Flavonoids are polyphenolic structures that are daily consumed due to their widespread distribution in almost all terrestrial plants with no adverse effects reported (Jäger and Saaby, 2011, Tapas et al., 2008). As such, dietary flavonoids and chemical derivatives thereof offer a possibly interesting source for ASD and AED chemical discovery work (Jäger and Saaby, 2011, Marder and Paladini, 2002, Singh et al., 2014). Although their pharmaceutical potential is often hampered by metabolic instability and low oral bioavailability, it has been argued that their drug-likeness can be improved via methylation of the free hydroxyl groups, dramatically enhancing the metabolic stability and membrane transport, facilitating absorption and highly increasing the bioavailability (Koirala, 2016, Koirala et al., 2016). Of importance, this methylation also abrogates their chemical anti-oxidant capacity, but leaves the general protective activity of the compounds against oxidative stress intact (Deng et al., 2006).
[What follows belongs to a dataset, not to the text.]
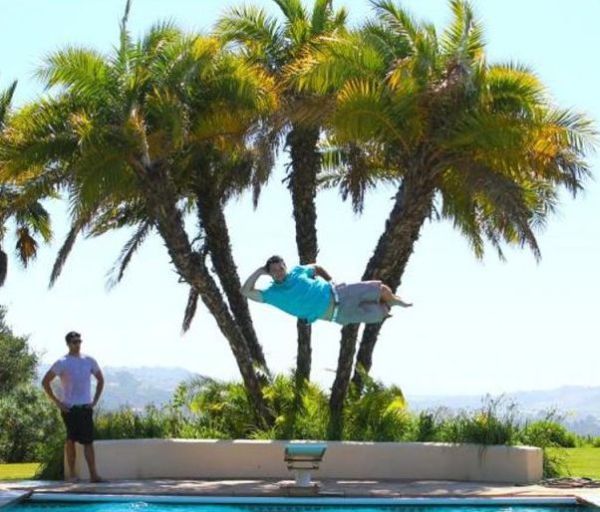 Funny Poses Above the Pool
Since to the best of our knowledge no scientific data is available regarding the use of methylated flavonoids in the fight against epilepsy, we studied the anti-seizure activity of naringenin (NRG) and kaempferol (KFL), and of some of their common methylated derivatives, i.e., naringenin 7-O-methyl ether (NRG-M), naringenin 4′,7-dimethyl ether (NRG-DM), and kaempferide (4′-O-methyl kaempferol) (KFD) (Fig. 1A).

KFL belongs to the chemical subgroup of the flavonols that feature a double bond in the heterocyclic benzopyran moiety (C ring) resulting in planar A (fused aromatic ring) and C rings (Hanrahan et al., 2011). Interestingly, KFL is a key active constituent of the extract of Crinum jagus L. that is used in traditional Cameroonian medicine as an anti-epileptic remedy. After isolation, the compound was found to improve convulsions-induced by pentylenetetrazole (PTZ) and to protect mice against PTZ-induced kindling development (Taiwe et al., 2016).
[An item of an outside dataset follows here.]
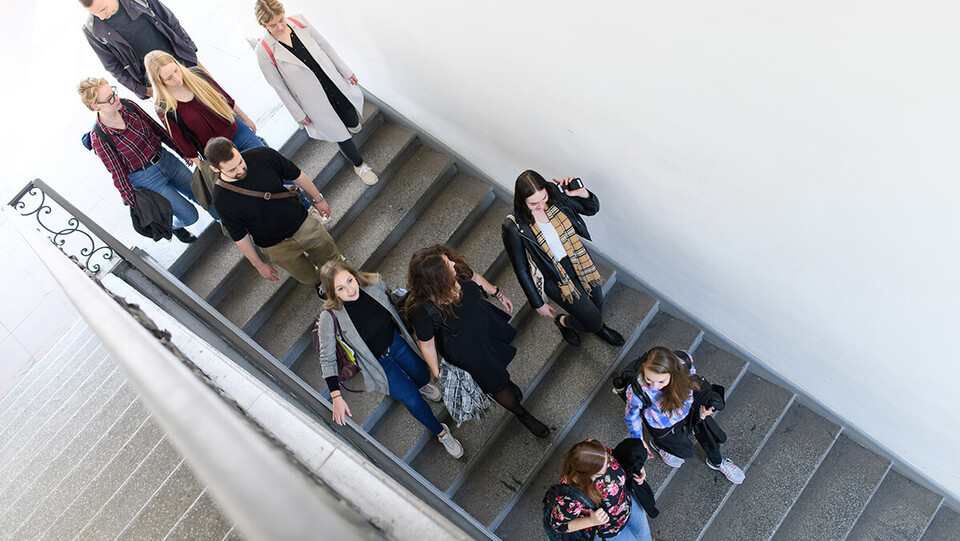 Gruppe Studierender geht eine Treppe im Schloss herunter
NRG on the other hand belongs to the flavanones (Ferreira et al., 2014), a subgroup with a puckered conformation of the C ring due to the lack of the double bond (Hanrahan et al., 2011). NRG is found in citrus fruits and has strong anti-inflammatory and anti-oxidant activities (Alam et al., 2014, Miler et al., 2016, Patel et al., 2014, Renugadevi and Prabu, 2009). It can pass the blood brain barrier, which enables the compound to exert neuroactive properties (Patel et al., 2014, Youdim et al., 2003). Recently, NRG was shown to delay seizure onset, to ameliorate induced morphological brain alterations, and to reduce microglia-derived neuro-inflammation in a kainic acid-induced mouse seizure model (Park et al., 2016). Of interest, NRG and KFL feature a highly similar hydroxylation pattern (Fig. 1A), allowing for a better comparison between the biological activity of the two different flavonoid subgroups.
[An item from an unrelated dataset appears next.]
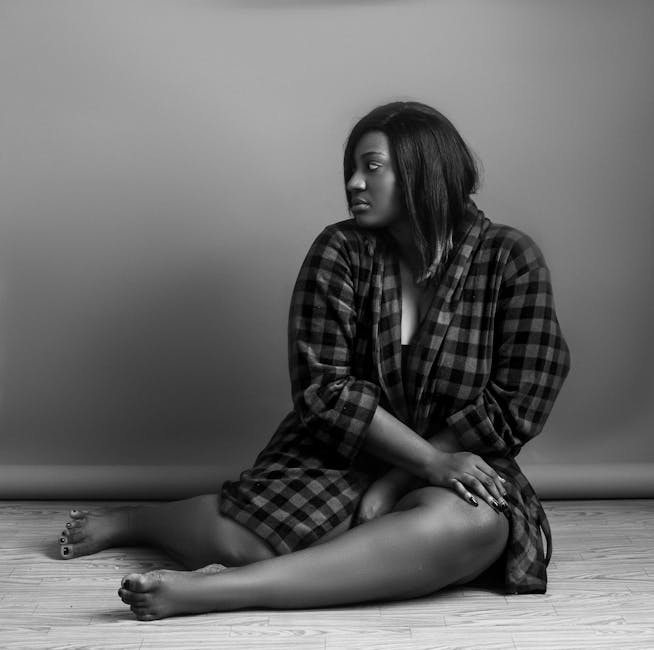 Captivating black and white portrait of a woman in plaid robe sitting and looking away thoughtfully. Captivating black and white portrait of a woman in plaid robe sitting and looking away thoughtfully.
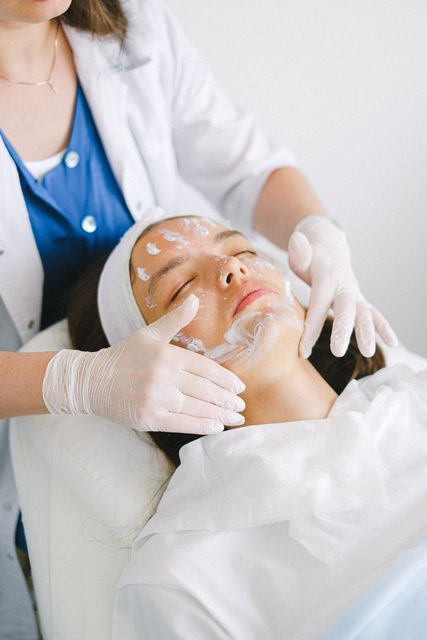 Person receiving facial treatment from a person wearing gloves.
To evaluate the anti-seizure activity of the compounds, we used a zebrafish PTZ seizure model (Afrikanova et al., 2013, Baraban et al., 2005), a standard assay in preliminary ASD discovery due to the high level of translation to rodents (Afrikanova et al., 2013, Buenafe et al., 2013, Orellana-Paucar et al., 2012). Zebrafish are recognized as an important organism for modeling human diseases with respect to the 3R principle (Doke and Dhawale, 2015, Grone and Baraban, 2015) because it is a lower vertebrate model that is highly conserved with regard to the human reference genome (Howe et al., 2013), physiology, and pharmacology (MacRae and Peterson, 2015).

In this study, we show that the methylated NRG-M and NRG-DM are highly effective against PTZ-induced seizures in larval zebrafish, whereas NRG, KFL, and KFD possess only a limited activity. NRG-DM was further investigated in standard acute rodent seizure models, i.e., the mouse timed i.v. PTZ seizure model and the mouse 6-Hz psychomotor seizure model, and showed dose-dependent seizure reduction in both. Thus, highlighting the potential of methylated flavonoids as anti-seizure agents.